The approval of on-site vaping was one of a number of votes the council took to update Berkeley’s municipal laws. City staff has been working on updating and enhancing cannabis regulations since the summer of 2017, and the council has voted twice since then to update various regulations. The council still has to vote about how to choose a seventh, equity dispensary, meaning licenses will be given to those who have been disproportionally impacted by the war on drugs.
The new rules, adopted Jan. 28, include:
- Berkeley will allow seven delivery-only cannabis businesses. Four of those will be equity businesses. Three licenses will go to non-equity businesses. These businesses must locate in the “M” or manufacturing district in West Berkeley and must be 300 feet from any schools or youth centers. Current law allows storefront retailers to have delivery options. Berkeley residents can already get cannabis delivered to them by businesses that operate outside of Berkeley.
- The buffer zone between middle and high schools and storefront cannabis businesses will increase from 600 to 1,000 feet. The new regulations add a 600-foot buffer zone to six youth centers and skate parks as well. This won’t impact the proposed seventh Berkeley dispensary, reserved for equity businesses. But it will impact any dispensary that moves. The council said it will revisit this rule in three years.
- A requirement to post a new warning in storefront operations on top of the five already required. The new sign will warn of the intoxicating effects of cannabis, how it can impair someone’s ability to drive or operate machinery, and the dangers of consuming cannabis while young or pregnant.
- New companies will not be allowed to display their logos outdoors if they incorporate cannabis leaves. This is grandfathered in, so it does not impact existing businesses. The council did not impose the same rule on packaging because the state already has strict rules on this. Last year, the council voted to prohibit the depiction of cannabis leaves or products on exterior signs.
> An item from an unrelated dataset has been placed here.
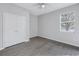 Bright bedroom features wood-look floors, closet and a window providing natural light at 10506 Sky Flower Ct, Land O Lakes, FL 34638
The City Council declined to expand the area in which commercial cannabis-grow businesses can operate. Voters agreed in 2010 to allow these kinds of businesses in Berkeley’s “M” or manufacturing zone. Nobody has applied for a permit yet, leading some cannabis activists to push to allow those businesses in the “MULI” or “MM” districts.
The council also put off banning the sale of artificially flavored cannabis and cannabis-infused drinks at storefront retailers. Council also asked city staff to more fully explore the issue and return with a more fleshed-out definition.